LONDON (CNNfn) - Europe's leading equity markets ended slightly lower Wednesday after the Dow Jones industrial average lost ground in early trade.
Relief over the small rate hike by the Federal Reserve Tuesday yielded to selling pressure as an ongoing tug-of-war between "old" and "new" economy sectors saw big retailers gaining ground at the expense of some telecoms and high-tech stocks. Zurich bucked the trend with a 1.7 percent rally.

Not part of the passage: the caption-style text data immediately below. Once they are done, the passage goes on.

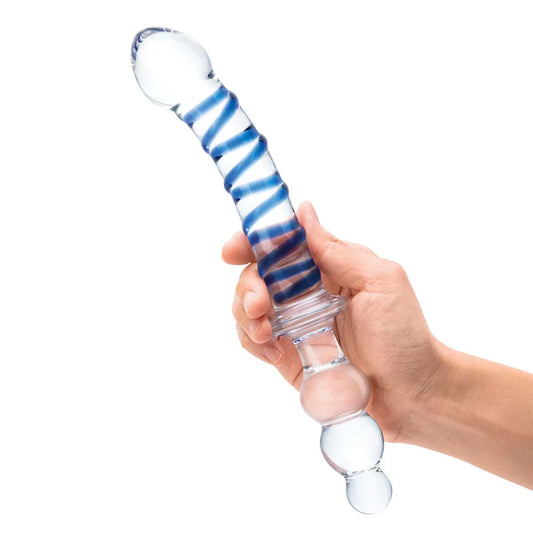 The Twister 10 inch Double Ended Glass Dildo. SKU: GLAS-163. A Long transparent glass diild with a blue twisted raised line running down the shaft like a thin helterskelter. The top has a bulbous head and the shaft curves slightly. About three quarters down the shaft there's a flare that acts as a safety stopper for the anal beads. The bottom quarter of the toy has three glass beads that are joined together in a row. The beads are a small, medium and a large, with the smallest at the bottom tip.
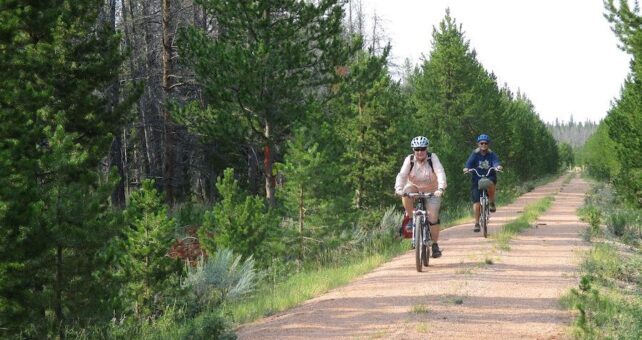 Wyoming’s Medicine Bow Rail Trail passes through large stands of lodgepole, spruce, fir and aspen; traverses meadows of grass and sagebrush; crosses numerous streams; and skirts dozens of swamps, bogs, ponds and lakes. Photo by Amber Travsky.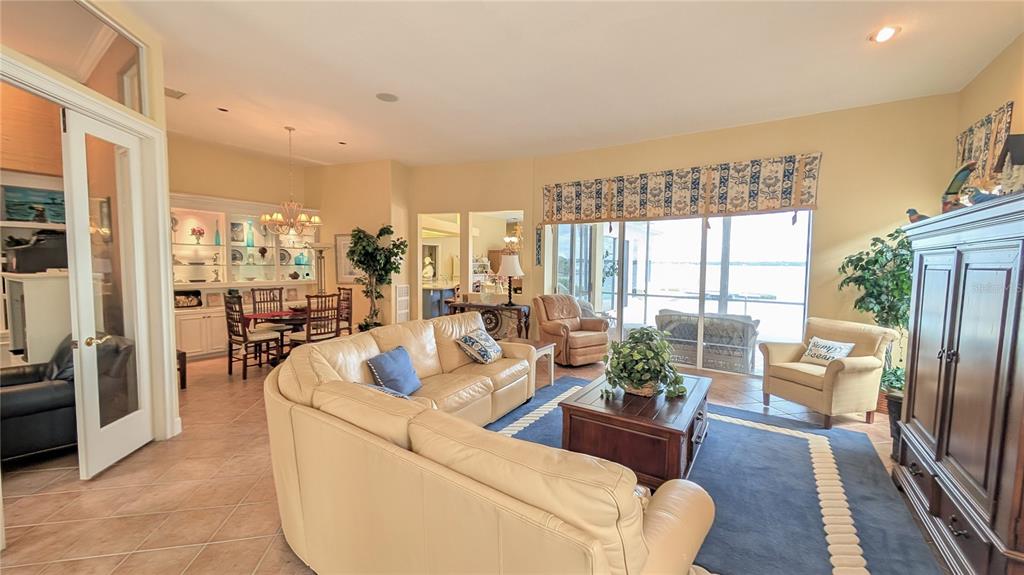 A living room with a beige leather sofa, blue area rug, and sliding glass doors — 4709 DOLPHIN CAY LANE, ST PETERSBURG, FL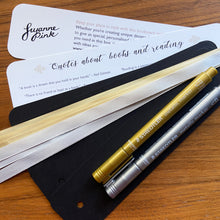 Load image into Gallery viewer, Bookmark making set resources with blank black bookmarks and gold and silver pens on a wooden background.
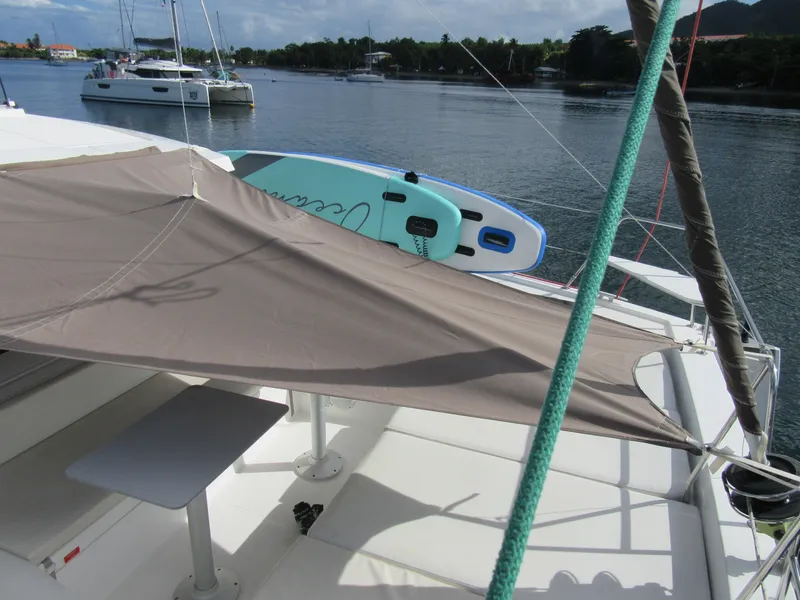 Slide: The Image of Catamaran Bali 4.1 with sunshade and paddleboard on calm water, 2020 model. - 47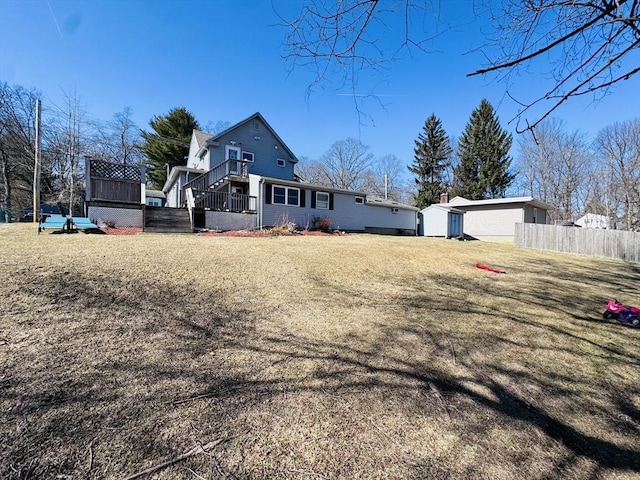 exterior space featuring a lawn, an outdoor structure, stairs, and fence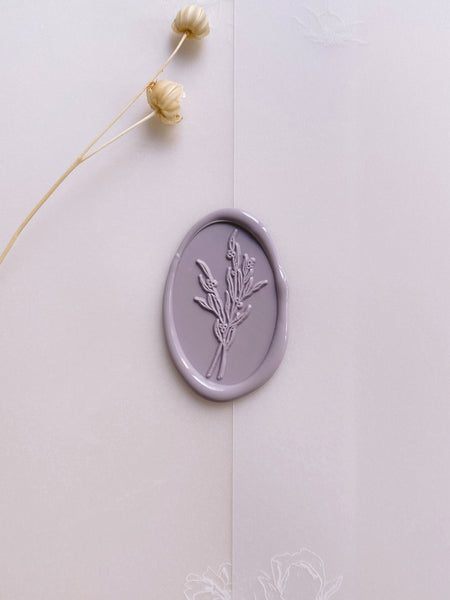 Dusty lavender colored oval floral bouquet wax seal on vellum jacket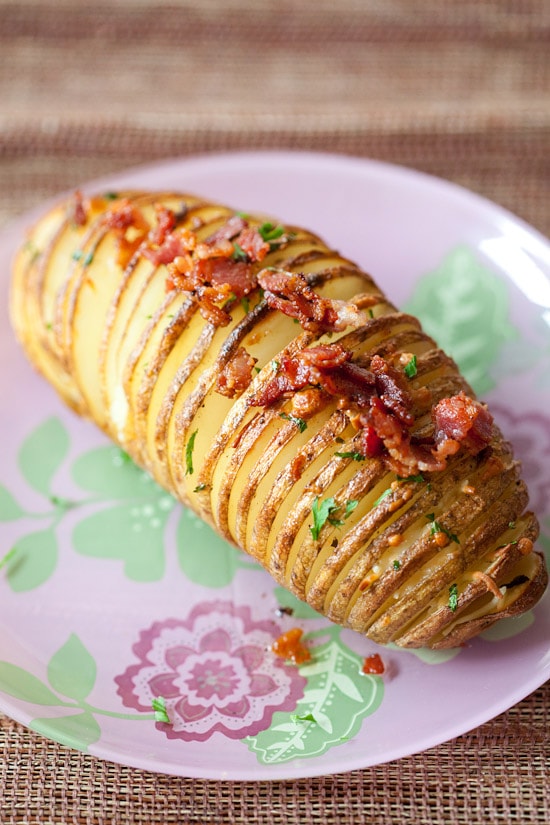 Easy gratin Hasselback Potatoes with bacon & parmesan on a plate.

The benchmark FTSE 100 index in London finished 0.1 percent, or 8.3 points, lower at 6,609.6 after profit taking eroded sharp early gains on Europe's biggest market in the wake of Wall Street's surge Tuesday. Solid performances by a leading retailer and a natural gas distributor buoyed the index
In Frankfurt, the electronically traded Xetra Dax closed down 9.31 points at 7,798.62 as losses in index heavyweight Deutsche Telekom and tech bellwether Siemens offset a sharp rise in insurer Munich Re. The CAC 40 shed 0.7 percent, or 41.58 points, to end at 6,279.29. But Swiss traders shrugged off the early softness on Wall Street, sending the SMI 1.7 percent higher to 7,388.2, led by strong demand for old economy stocks such as CS Group and Roche.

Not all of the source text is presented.